France | France, Cour administrative d'appel de Nancy, 2ème chambre, 31 décembre 2021, 19NC02600


Vu la procédure suivante :

Procédure contentieuse antérieure :

M. B... A... a demandé au tribunal administratif de Nancy d'annuler la décision du 31 mars 2017 par laquelle la ministre des armées a refusé sa mutation sur un poste à l'Ambassade de France à Washington et la décision implicite portant rejet du recours gracieux réceptionné le 5 mai 2017 et de condamner l'Etat à lui verser les sommes de 347 040 euros en réparation de ses pertes de traitement, 100 000 euros en réparation de ses pertes financières en matière de retraite et 30 000 euros en réparation des

troubles de toute nature qu'il estime avoir subis.

Par un jugement n°17021...

Vu la procédure suivante :

Procédure contentieuse antérieure :

M. B... A... a demandé au tribunal administratif de Nancy d'annuler la décision du 31 mars 2017 par laquelle la ministre des armées a refusé sa mutation sur un poste à l'Ambassade de France à Washington et la décision implicite portant rejet du recours gracieux réceptionné le 5 mai 2017 et de condamner l'Etat à lui verser les sommes de 347 040 euros en réparation de ses pertes de traitement, 100 000 euros en réparation de ses pertes financières en matière de retraite et 30 000 euros en réparation des troubles de toute nature qu'il estime avoir subis.

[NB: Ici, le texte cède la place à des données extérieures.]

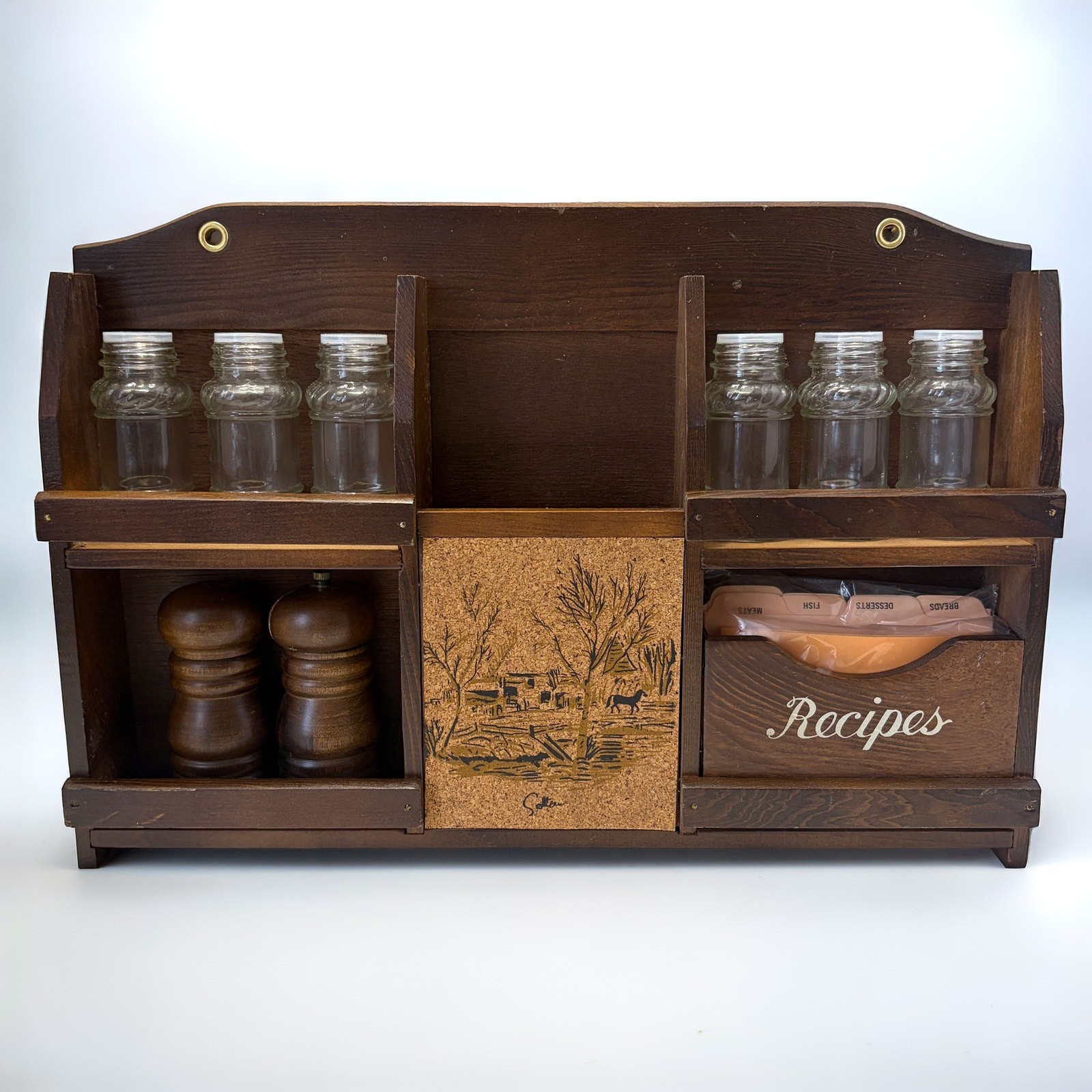 Vintage Himark NWT Wooden Spice Rack Recipe Box Utensil Holder Salt Pepper Set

Par un jugement n°1702167 du 13 juin 2019, le tribunal administratif de Nancy a partiellement fait droit à la demande.

Procédure devant la cour :

Par une requête, enregistrée le 9 août 2019, M. B... A..., représenté par Me Maetz, demande à la cour :

1°) d'annuler ce jugement en tant qu'il ne fait pas entièrement droit à ses demandes ;

2°) d'enjoindre à l'Etat de transmettre tous les procès-verbaux de la division de la cohérence capacitaire (dite COCA) se rapportant à la mutation et au refus de sa mutation et à la nomination de son remplaçant ;

3°) de condamner l'Etat à lui verser les sommes de 347 040 euros au titre des pertes de traitement, 100 000 euros au titre des pertes financières en matière de retraite et de 30 000 euros au titre des troubles de toute nature subis ;

4°) de mettre à la charge de l'Etat la somme de 1 500 euros au titre de l'article L.761-1 du Code de justice administrative.

Il soutient que :

- la décision de refus de mutation attaquée est illégale dès lors qu'elle procède au retrait de sa nomination sur le poste à Washington ;

- le droit à un procès équitable prévu à l'article 6 de la convention européenne de sauvegarde des droits de l'homme et des libertés fondamentales ne serait pas garanti si l'administration refusait de produire, sur injonction de la cour, les deux procès-verbaux de la COCA (division de la cohérence capacitaire) dans lesquels avait été retenue sa candidature ;

- l'administration a commis un vice de procédure en ne ressaisissant pas la COCA du refus de mutation le concernant ;

- c'est à tort que les premiers juges ont considéré que la période pendant laquelle l'administration lui a donné de fausses assurances sur des perspectives de mutation à Washington n'avait duré qu'entre le 14 et le 28 février 2017, alors qu'en réalité sa candidature était acceptée depuis décembre 2016 ; le courrier du 14 février 2017 indique bien qu'il s'agit d'entériner sa mutation, ce qui confirme qu'une décision avait déjà été prise ; il lui a été demandé dès 2016 de prendre ses dispositions pour organiser sa mutation et des simulations de salaire lui ont été adressées ; surtout, il avait accès aux codes secret défense, ce qui confirme que sa prise de poste était actée ;

- l'administration a commis une faute en ne respectant pas les assurances qu'elle lui avait données d'obtenir le poste à Washington notamment en lui transmettant une simulation de son salaire sur ce poste et des formulaires portant demande d'affiliation au centre de sécurité sociale 533 ;

- il a subi plusieurs préjudices résultant du refus de mutation dont il demande réparation : le versement de l'ensemble des rémunérations auxquelles il avait droit en application de sa promesse de mutation à Washington jusqu'à son départ à la retraite, soit 347 040 euros ; 100 000 euros au titre de la perte financière concernant ses droits à retraite ; l'indemnisation à hauteur de 30 000 euros des préjudices matériel et moral résultant de son projet de rénovation et de location de son appartement pour lequel il avait fait un prêt sur la base des rémunérations qu'il aurait dû percevoir à Washington et en raison du refus de l'administration de répondre à ses demandes de documents et à son recours gracieux et de lui communiquer le nom de la personne mutée à sa place ;

- aucune imprudence ne peut lui être reprochée eu égard aux garanties qui lui avaient été données par son employeur.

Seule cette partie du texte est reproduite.